REQUIRED WORK: Only the lines below from the one that holds "Móvel De Tv|" through the one that holds "SEXTO encierro de" should appear in the answer, copied exactly, end lines included and pictures omitted.

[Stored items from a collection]
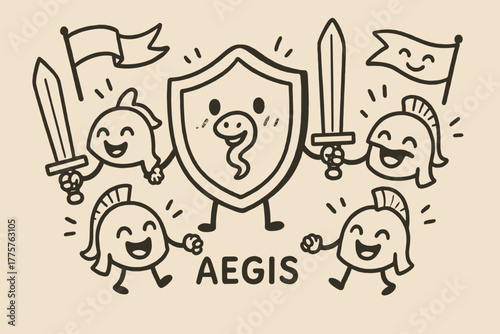 Friendly Gear Parade. A doodle illustration of the aegis shield as a friendly character, holding hands with smiling swords,
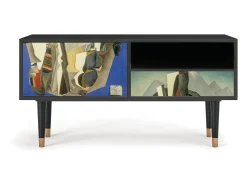 Móvel De Tv| Mueble de TV - 115х59х48 cm - T3 - The Cubist Paintings , Antracite Cinza antracite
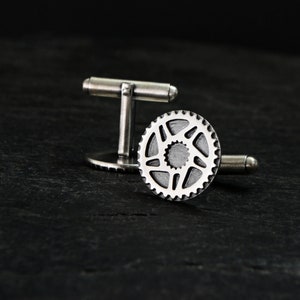 Bicycle Gear Cufflinks Biker Bike Cufflinks Cyclist Men's Industrial Steampunk Gear Bicycle Jewelry image 4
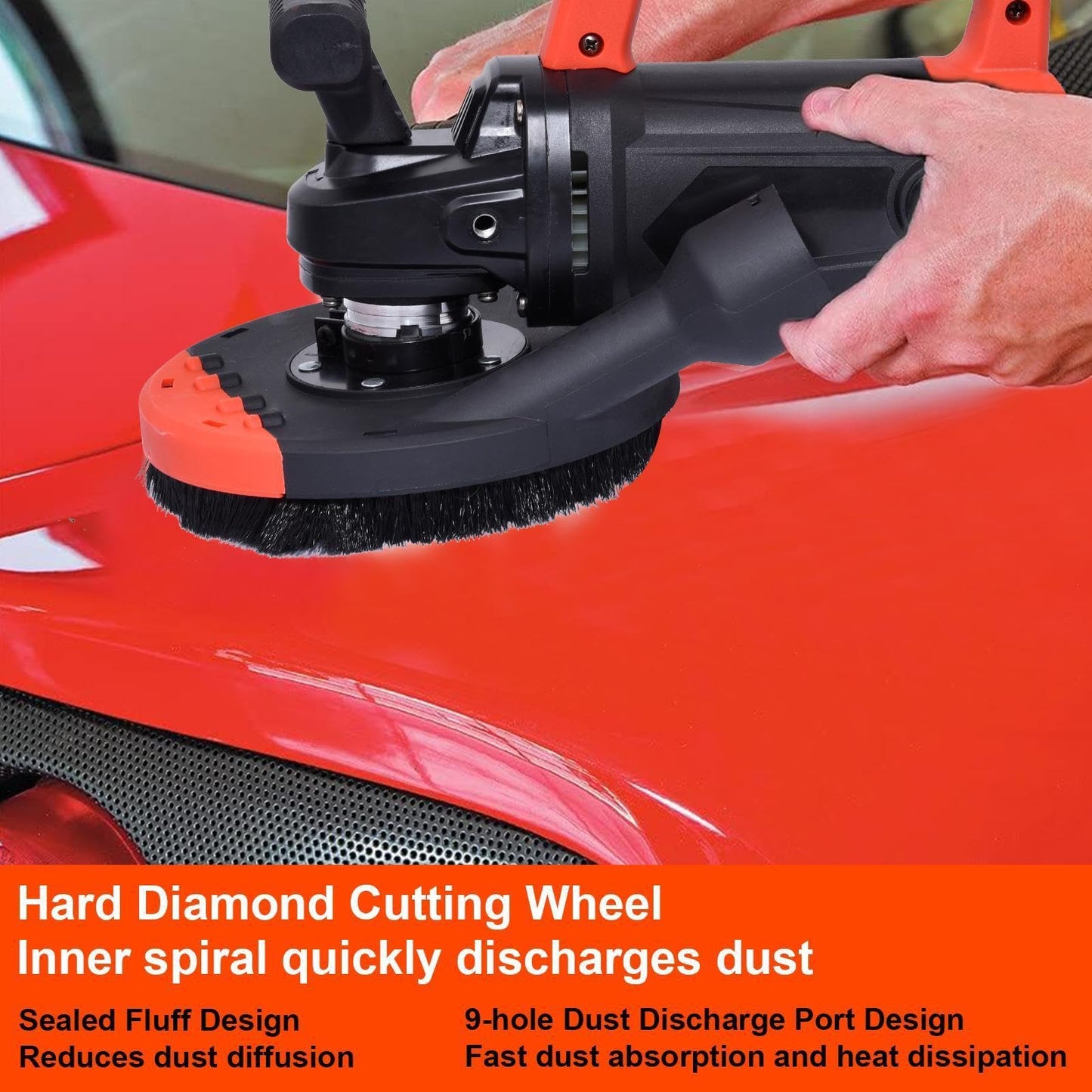7-Inch Concrete Floor Grinder, 2200W Powerful Concrete Sanding Machine Concretes Sander Practical Angle Grinder Tool Floor Grinders Polishing Machine 90° Seamless sanding for Floors(Size:B)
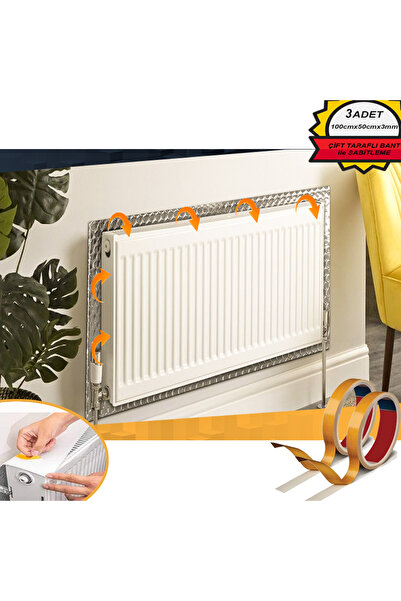 UYDEE 3 Adet Yapışkanlı Isı Yalıtım Levhası 3 Mm Petek Arkası Radyatör Kalori...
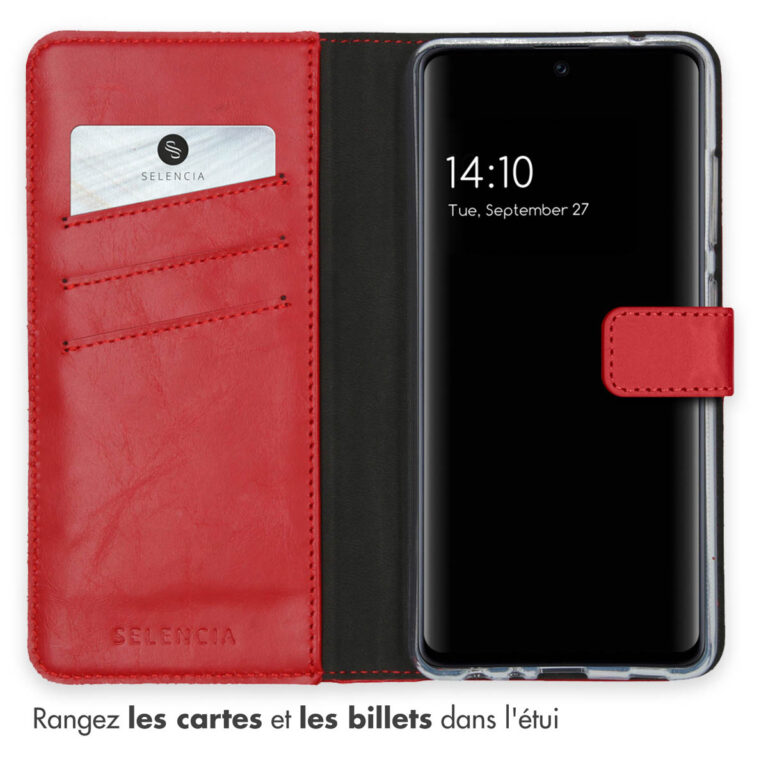 Selencia Echt Lederen Bookcase Samsung Galaxy A52(s) (5G/4G) - Rood - Afbeelding 6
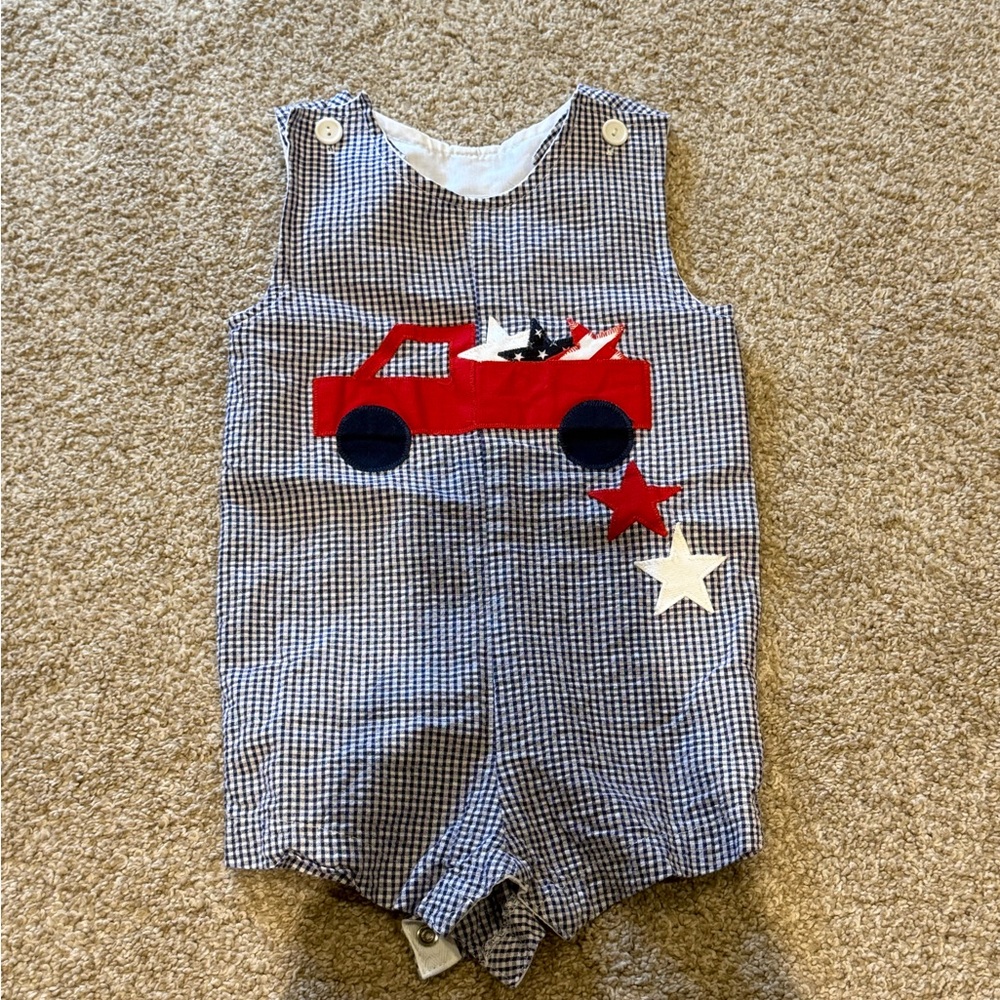 Red Truck Appliqué Gingham Baby One-Piece Bodysuit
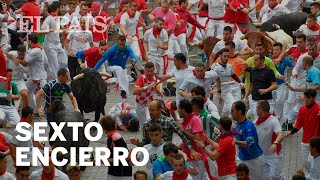 SEXTO encierro de SAN FERMÍN carrera RAPIDÍSIMA [upl. by Horatius64]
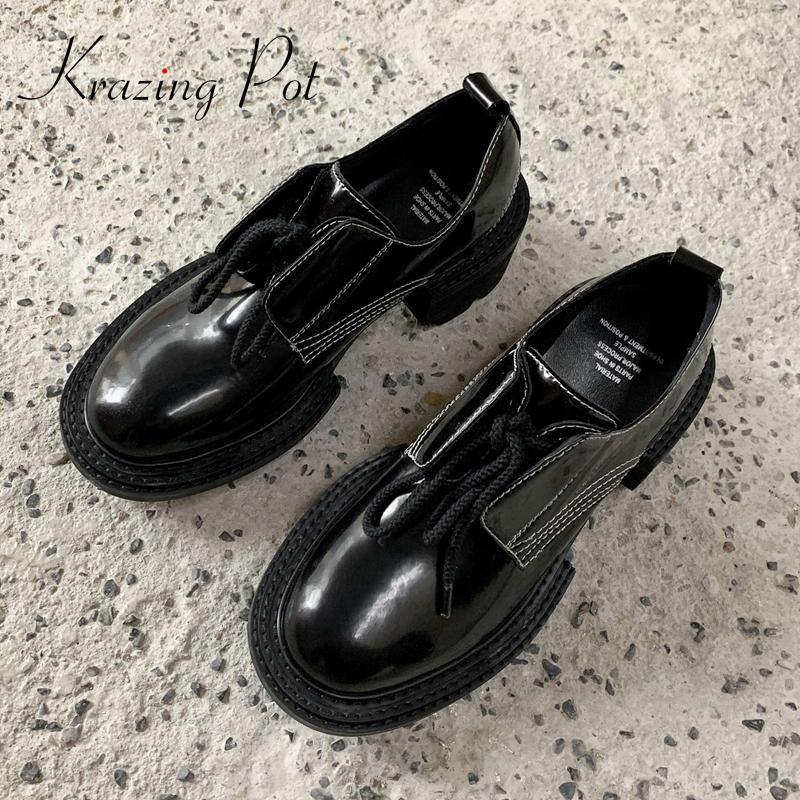 

Krazing Pot England Style Split Leather Round Toe High Heels Young Lady Streetwear Brand Shoes Simple Solid Women Pumps L16 Dress, Black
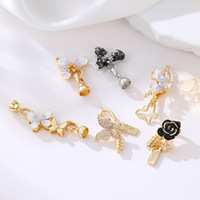 Boucle de connexion plaquée or 14 carats, motif papillon Gardenia, style luxe léger, pour colliers et bracelets, accessoire de bijouterie DIY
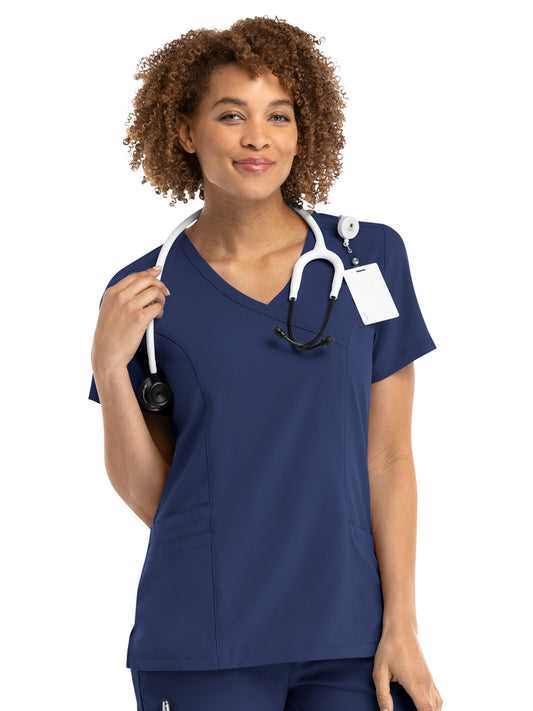 Women's Three-Pocket Mock Wrap Top - 5002 - Navy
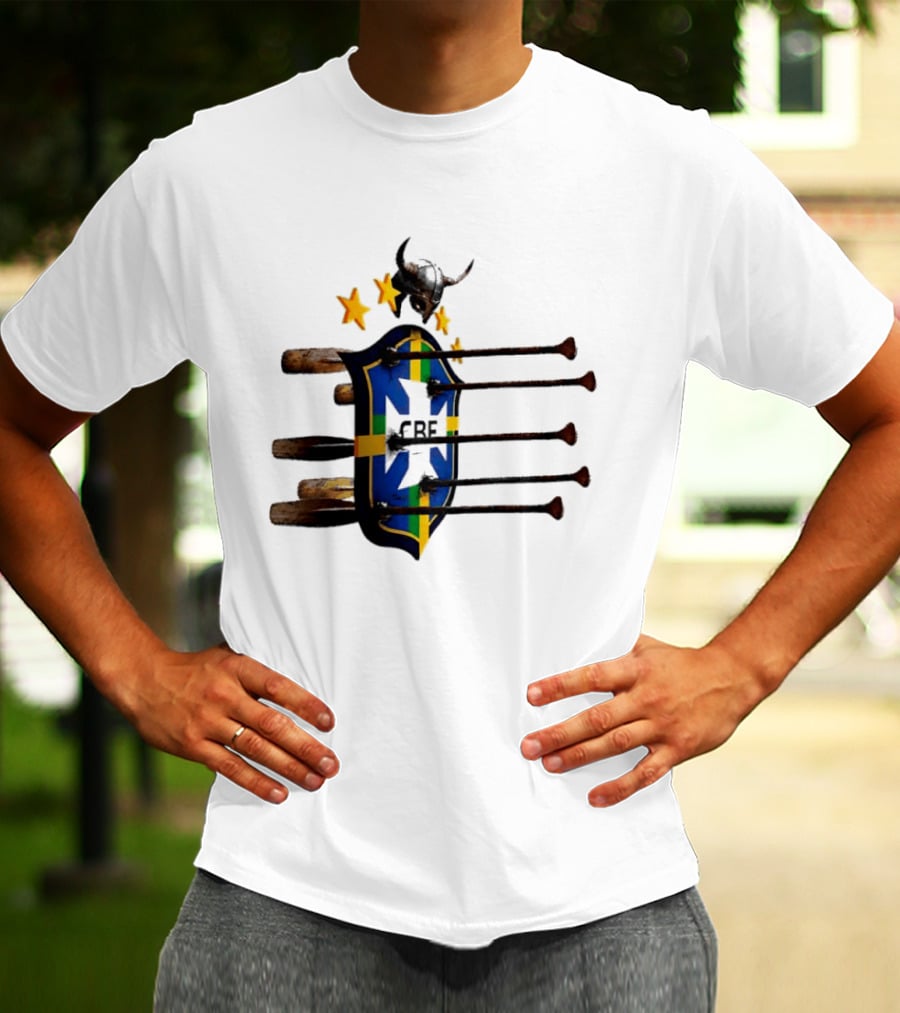 Brazil National Football Team CBF Viking Helmet Spears Stars T-Shirt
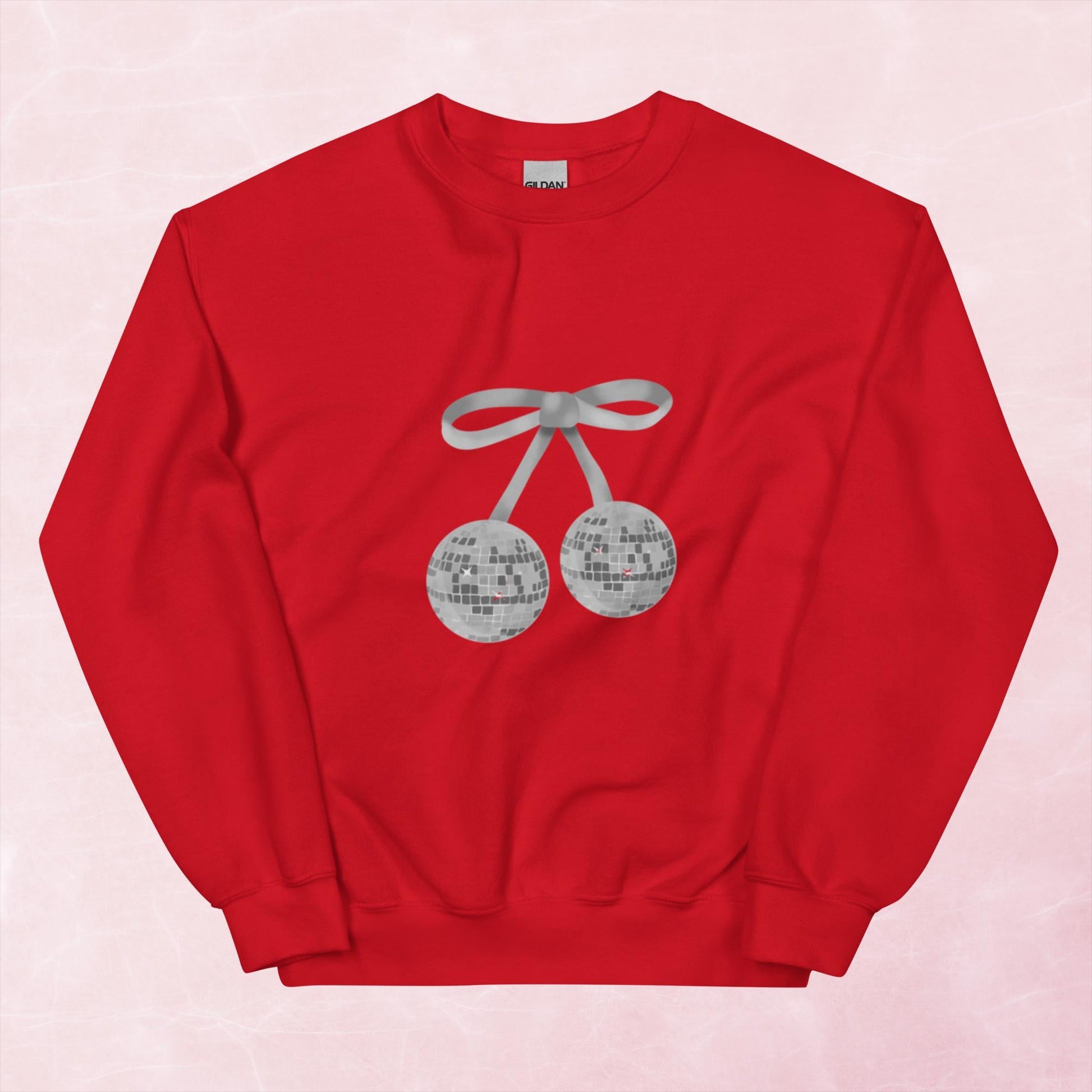 Cool hand illustrated silver cherry bow disco ball unisex graphic sweatshirt jumper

TASK ANSWER:
 Móvel De Tv| Mueble de TV - 115х59х48 cm - T3 - The Cubist Paintings , Antracite Cinza antracite
 Bicycle Gear Cufflinks Biker Bike Cufflinks Cyclist Men's Industrial Steampunk Gear Bicycle Jewelry image 4
7-Inch Concrete Floor Grinder, 2200W Powerful Concrete Sanding Machine Concretes Sander Practical Angle Grinder Tool Floor Grinders Polishing Machine 90° Seamless sanding for Floors(Size:B)
 UYDEE 3 Adet Yapışkanlı Isı Yalıtım Levhası 3 Mm Petek Arkası Radyatör Kalori...
 Selencia Echt Lederen Bookcase Samsung Galaxy A52(s) (5G/4G) - Rood - Afbeelding 6
 Red Truck Appliqué Gingham Baby One-Piece Bodysuit
 SEXTO encierro de SAN FERMÍN carrera RAPIDÍSIMA [upl. by Horatius64]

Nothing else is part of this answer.